### What needs to be done
The full set of entries below must be returned exactly as shown.

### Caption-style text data
━━━━━━

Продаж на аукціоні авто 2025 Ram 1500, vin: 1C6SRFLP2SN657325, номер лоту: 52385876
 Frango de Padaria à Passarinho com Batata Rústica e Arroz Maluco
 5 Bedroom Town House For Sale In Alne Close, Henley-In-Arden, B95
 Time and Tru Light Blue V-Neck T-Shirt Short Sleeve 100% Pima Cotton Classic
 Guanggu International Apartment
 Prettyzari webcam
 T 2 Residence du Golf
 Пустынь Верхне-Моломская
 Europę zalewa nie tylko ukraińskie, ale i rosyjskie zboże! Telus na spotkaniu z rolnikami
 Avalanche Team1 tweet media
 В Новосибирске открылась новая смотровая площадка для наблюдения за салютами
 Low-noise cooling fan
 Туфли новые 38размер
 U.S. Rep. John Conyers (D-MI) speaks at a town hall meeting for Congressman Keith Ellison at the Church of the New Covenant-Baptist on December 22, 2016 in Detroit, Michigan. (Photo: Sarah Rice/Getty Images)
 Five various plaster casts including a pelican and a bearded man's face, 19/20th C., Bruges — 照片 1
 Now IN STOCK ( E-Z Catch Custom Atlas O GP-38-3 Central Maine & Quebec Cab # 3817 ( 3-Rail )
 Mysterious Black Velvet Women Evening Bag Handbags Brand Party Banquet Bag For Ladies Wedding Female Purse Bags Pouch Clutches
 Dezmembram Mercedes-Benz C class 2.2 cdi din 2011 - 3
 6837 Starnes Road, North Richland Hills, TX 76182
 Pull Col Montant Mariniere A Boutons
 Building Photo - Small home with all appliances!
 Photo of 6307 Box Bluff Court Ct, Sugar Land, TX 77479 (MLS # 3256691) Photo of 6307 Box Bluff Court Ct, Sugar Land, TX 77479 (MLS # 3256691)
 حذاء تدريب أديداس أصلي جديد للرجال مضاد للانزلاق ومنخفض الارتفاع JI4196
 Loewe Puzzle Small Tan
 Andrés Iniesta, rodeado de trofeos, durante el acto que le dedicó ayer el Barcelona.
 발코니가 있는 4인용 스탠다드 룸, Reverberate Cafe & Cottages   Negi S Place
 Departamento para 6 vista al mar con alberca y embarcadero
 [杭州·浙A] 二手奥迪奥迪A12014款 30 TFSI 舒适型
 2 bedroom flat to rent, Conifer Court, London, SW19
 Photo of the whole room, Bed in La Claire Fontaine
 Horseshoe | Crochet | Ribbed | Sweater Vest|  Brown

━━━━━━

### Solved exercise
Продаж на аукціоні авто 2025 Ram 1500, vin: 1C6SRFLP2SN657325, номер лоту: 52385876
 Frango de Padaria à Passarinho com Batata Rústica e Arroz Maluco
 5 Bedroom Town House For Sale In Alne Close, Henley-In-Arden, B95
 Time and Tru Light Blue V-Neck T-Shirt Short Sleeve 100% Pima Cotton Classic
 Guanggu International Apartment
 Prettyzari webcam
 T 2 Residence du Golf
 Пустынь Верхне-Моломская
 Europę zalewa nie tylko ukraińskie, ale i rosyjskie zboże! Telus na spotkaniu z rolnikami
 Avalanche Team1 tweet media
 В Новосибирске открылась новая смотровая площадка для наблюдения за салютами
 Low-noise cooling fan
 Туфли новые 38размер
 U.S. Rep. John Conyers (D-MI) speaks at a town hall meeting for Congressman Keith Ellison at the Church of the New Covenant-Baptist on December 22, 2016 in Detroit, Michigan. (Photo: Sarah Rice/Getty Images)
 Five various plaster casts including a pelican and a bearded man's face, 19/20th C., Bruges — 照片 1
 Now IN STOCK ( E-Z Catch Custom Atlas O GP-38-3 Central Maine & Quebec Cab # 3817 ( 3-Rail )
 Mysterious Black Velvet Women Evening Bag Handbags Brand Party Banquet Bag For Ladies Wedding Female Purse Bags Pouch Clutches
 Dezmembram Mercedes-Benz C class 2.2 cdi din 2011 - 3
 6837 Starnes Road, North Richland Hills, TX 76182
 Pull Col Montant Mariniere A Boutons
 Building Photo - Small home with all appliances!
 Photo of 6307 Box Bluff Court Ct, Sugar Land, TX 77479 (MLS # 3256691) Photo of 6307 Box Bluff Court Ct, Sugar Land, TX 77479 (MLS # 3256691)
 حذاء تدريب أديداس أصلي جديد للرجال مضاد للانزلاق ومنخفض الارتفاع JI4196
 Loewe Puzzle Small Tan
 Andrés Iniesta, rodeado de trofeos, durante el acto que le dedicó ayer el Barcelona.
 발코니가 있는 4인용 스탠다드 룸, Reverberate Cafe & Cottages   Negi S Place
 Departamento para 6 vista al mar con alberca y embarcadero
 [杭州·浙A] 二手奥迪奥迪A12014款 30 TFSI 舒适型
 2 bedroom flat to rent, Conifer Court, London, SW19
 Photo of the whole room, Bed in La Claire Fontaine
 Horseshoe | Crochet | Ribbed | Sweater Vest|  Brown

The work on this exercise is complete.